Provided records |

===

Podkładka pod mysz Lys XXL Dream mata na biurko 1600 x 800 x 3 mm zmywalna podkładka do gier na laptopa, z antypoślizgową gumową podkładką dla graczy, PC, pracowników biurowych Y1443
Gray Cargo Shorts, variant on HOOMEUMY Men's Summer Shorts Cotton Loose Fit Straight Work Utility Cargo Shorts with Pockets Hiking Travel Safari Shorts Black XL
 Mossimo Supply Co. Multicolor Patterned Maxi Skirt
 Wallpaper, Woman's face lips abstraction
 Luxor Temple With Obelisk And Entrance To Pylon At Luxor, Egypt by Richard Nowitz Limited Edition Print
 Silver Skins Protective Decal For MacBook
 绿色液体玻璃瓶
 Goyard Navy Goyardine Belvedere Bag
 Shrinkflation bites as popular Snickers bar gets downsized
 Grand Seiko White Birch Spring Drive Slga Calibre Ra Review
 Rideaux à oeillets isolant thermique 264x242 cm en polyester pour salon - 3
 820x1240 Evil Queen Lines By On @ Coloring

===

Problem requirements | Nothing but the lines from the line containing "Silver Skins Protective Decal For MacBook" through the final line of the entries should appear in your answer, copied exactly.

Answer below |
 Silver Skins Protective Decal For MacBook
 绿色液体玻璃瓶
 Goyard Navy Goyardine Belvedere Bag
 Shrinkflation bites as popular Snickers bar gets downsized
 Grand Seiko White Birch Spring Drive Slga Calibre Ra Review
 Rideaux à oeillets isolant thermique 264x242 cm en polyester pour salon - 3
 820x1240 Evil Queen Lines By On @ Coloring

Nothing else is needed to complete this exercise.